## What is expected
Print the data in full, exactly as it reads.

## Records for the exercise
○ ○ ○ ○ ○
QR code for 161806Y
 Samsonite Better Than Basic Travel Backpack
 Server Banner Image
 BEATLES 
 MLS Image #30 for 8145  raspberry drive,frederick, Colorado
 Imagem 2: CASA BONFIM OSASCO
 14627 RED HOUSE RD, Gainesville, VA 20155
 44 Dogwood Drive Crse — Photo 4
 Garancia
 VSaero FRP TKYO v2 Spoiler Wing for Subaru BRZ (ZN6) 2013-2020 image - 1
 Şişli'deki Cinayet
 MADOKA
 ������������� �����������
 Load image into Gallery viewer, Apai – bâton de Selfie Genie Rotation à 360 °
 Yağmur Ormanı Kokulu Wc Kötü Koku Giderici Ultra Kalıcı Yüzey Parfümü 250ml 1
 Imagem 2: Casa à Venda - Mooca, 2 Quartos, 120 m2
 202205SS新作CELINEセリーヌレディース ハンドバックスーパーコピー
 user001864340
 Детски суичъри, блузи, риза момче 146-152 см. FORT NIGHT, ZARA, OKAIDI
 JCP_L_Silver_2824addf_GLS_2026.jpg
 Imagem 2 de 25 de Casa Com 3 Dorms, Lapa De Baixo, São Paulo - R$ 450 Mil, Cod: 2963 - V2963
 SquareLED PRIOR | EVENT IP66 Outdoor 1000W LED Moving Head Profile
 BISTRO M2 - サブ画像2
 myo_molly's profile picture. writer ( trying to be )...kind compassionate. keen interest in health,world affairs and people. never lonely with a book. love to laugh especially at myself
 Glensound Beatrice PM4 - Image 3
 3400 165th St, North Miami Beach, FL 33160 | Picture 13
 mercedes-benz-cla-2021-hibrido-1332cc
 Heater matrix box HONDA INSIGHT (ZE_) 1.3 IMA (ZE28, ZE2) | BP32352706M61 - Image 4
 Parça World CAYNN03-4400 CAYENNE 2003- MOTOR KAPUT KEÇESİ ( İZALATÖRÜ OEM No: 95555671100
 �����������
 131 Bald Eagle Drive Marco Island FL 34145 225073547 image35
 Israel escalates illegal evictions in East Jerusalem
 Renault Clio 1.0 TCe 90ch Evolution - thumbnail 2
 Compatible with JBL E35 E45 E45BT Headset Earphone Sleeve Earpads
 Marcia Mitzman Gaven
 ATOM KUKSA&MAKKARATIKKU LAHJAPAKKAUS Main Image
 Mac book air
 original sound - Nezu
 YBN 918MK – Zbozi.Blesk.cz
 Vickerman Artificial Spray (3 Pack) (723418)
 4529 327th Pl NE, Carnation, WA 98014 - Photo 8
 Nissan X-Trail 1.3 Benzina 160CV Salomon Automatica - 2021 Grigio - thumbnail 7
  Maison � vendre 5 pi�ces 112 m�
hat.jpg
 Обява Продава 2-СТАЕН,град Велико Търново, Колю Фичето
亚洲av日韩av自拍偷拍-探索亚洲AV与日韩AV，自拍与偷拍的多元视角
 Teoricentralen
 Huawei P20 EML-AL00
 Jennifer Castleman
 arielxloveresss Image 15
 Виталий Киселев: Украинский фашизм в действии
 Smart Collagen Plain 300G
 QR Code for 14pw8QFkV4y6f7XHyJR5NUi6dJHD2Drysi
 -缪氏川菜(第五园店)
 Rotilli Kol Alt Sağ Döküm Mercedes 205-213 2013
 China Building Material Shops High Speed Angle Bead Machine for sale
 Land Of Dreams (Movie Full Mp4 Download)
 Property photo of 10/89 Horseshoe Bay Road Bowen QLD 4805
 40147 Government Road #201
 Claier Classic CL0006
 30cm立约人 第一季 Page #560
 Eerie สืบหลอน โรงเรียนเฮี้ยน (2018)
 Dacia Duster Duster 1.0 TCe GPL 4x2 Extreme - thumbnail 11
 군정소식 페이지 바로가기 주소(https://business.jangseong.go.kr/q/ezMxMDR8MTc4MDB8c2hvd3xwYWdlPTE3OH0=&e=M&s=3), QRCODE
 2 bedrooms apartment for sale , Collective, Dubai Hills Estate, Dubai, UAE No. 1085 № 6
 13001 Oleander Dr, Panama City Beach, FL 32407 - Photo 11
○ ○ ○ ○ ○
## Answer section
QR code for 161806Y
 Samsonite Better Than Basic Travel Backpack
 Server Banner Image
 BEATLES 
 MLS Image #30 for 8145  raspberry drive,frederick, Colorado
 Imagem 2: CASA BONFIM OSASCO
 14627 RED HOUSE RD, Gainesville, VA 20155
 44 Dogwood Drive Crse — Photo 4
 Garancia
 VSaero FRP TKYO v2 Spoiler Wing for Subaru BRZ (ZN6) 2013-2020 image - 1
 Şişli'deki Cinayet
 MADOKA
 ������������� �����������
 Load image into Gallery viewer, Apai – bâton de Selfie Genie Rotation à 360 °
 Yağmur Ormanı Kokulu Wc Kötü Koku Giderici Ultra Kalıcı Yüzey Parfümü 250ml 1
 Imagem 2: Casa à Venda - Mooca, 2 Quartos, 120 m2
 202205SS新作CELINEセリーヌレディース ハンドバックスーパーコピー
 user001864340
 Детски суичъри, блузи, риза момче 146-152 см. FORT NIGHT, ZARA, OKAIDI
 JCP_L_Silver_2824addf_GLS_2026.jpg
 Imagem 2 de 25 de Casa Com 3 Dorms, Lapa De Baixo, São Paulo - R$ 450 Mil, Cod: 2963 - V2963
 SquareLED PRIOR | EVENT IP66 Outdoor 1000W LED Moving Head Profile
 BISTRO M2 - サブ画像2
 myo_molly's profile picture. writer ( trying to be )...kind compassionate. keen interest in health,world affairs and people. never lonely with a book. love to laugh especially at myself
 Glensound Beatrice PM4 - Image 3
 3400 165th St, North Miami Beach, FL 33160 | Picture 13
 mercedes-benz-cla-2021-hibrido-1332cc
 Heater matrix box HONDA INSIGHT (ZE_) 1.3 IMA (ZE28, ZE2) | BP32352706M61 - Image 4
 Parça World CAYNN03-4400 CAYENNE 2003- MOTOR KAPUT KEÇESİ ( İZALATÖRÜ OEM No: 95555671100
 �����������
 131 Bald Eagle Drive Marco Island FL 34145 225073547 image35
 Israel escalates illegal evictions in East Jerusalem
 Renault Clio 1.0 TCe 90ch Evolution - thumbnail 2
 Compatible with JBL E35 E45 E45BT Headset Earphone Sleeve Earpads
 Marcia Mitzman Gaven
 ATOM KUKSA&MAKKARATIKKU LAHJAPAKKAUS Main Image
 Mac book air
 original sound - Nezu
 YBN 918MK – Zbozi.Blesk.cz
 Vickerman Artificial Spray (3 Pack) (723418)
 4529 327th Pl NE, Carnation, WA 98014 - Photo 8
 Nissan X-Trail 1.3 Benzina 160CV Salomon Automatica - 2021 Grigio - thumbnail 7
  Maison � vendre 5 pi�ces 112 m�
hat.jpg
 Обява Продава 2-СТАЕН,град Велико Търново, Колю Фичето
亚洲av日韩av自拍偷拍-探索亚洲AV与日韩AV，自拍与偷拍的多元视角
 Teoricentralen
 Huawei P20 EML-AL00
 Jennifer Castleman
 arielxloveresss Image 15
 Виталий Киселев: Украинский фашизм в действии
 Smart Collagen Plain 300G
 QR Code for 14pw8QFkV4y6f7XHyJR5NUi6dJHD2Drysi
 -缪氏川菜(第五园店)
 Rotilli Kol Alt Sağ Döküm Mercedes 205-213 2013
 China Building Material Shops High Speed Angle Bead Machine for sale
 Land Of Dreams (Movie Full Mp4 Download)
 Property photo of 10/89 Horseshoe Bay Road Bowen QLD 4805
 40147 Government Road #201
 Claier Classic CL0006
 30cm立约人 第一季 Page #560
 Eerie สืบหลอน โรงเรียนเฮี้ยน (2018)
 Dacia Duster Duster 1.0 TCe GPL 4x2 Extreme - thumbnail 11
 군정소식 페이지 바로가기 주소(https://business.jangseong.go.kr/q/ezMxMDR8MTc4MDB8c2hvd3xwYWdlPTE3OH0=&e=M&s=3), QRCODE
 2 bedrooms apartment for sale , Collective, Dubai Hills Estate, Dubai, UAE No. 1085 № 6
 13001 Oleander Dr, Panama City Beach, FL 32407 - Photo 11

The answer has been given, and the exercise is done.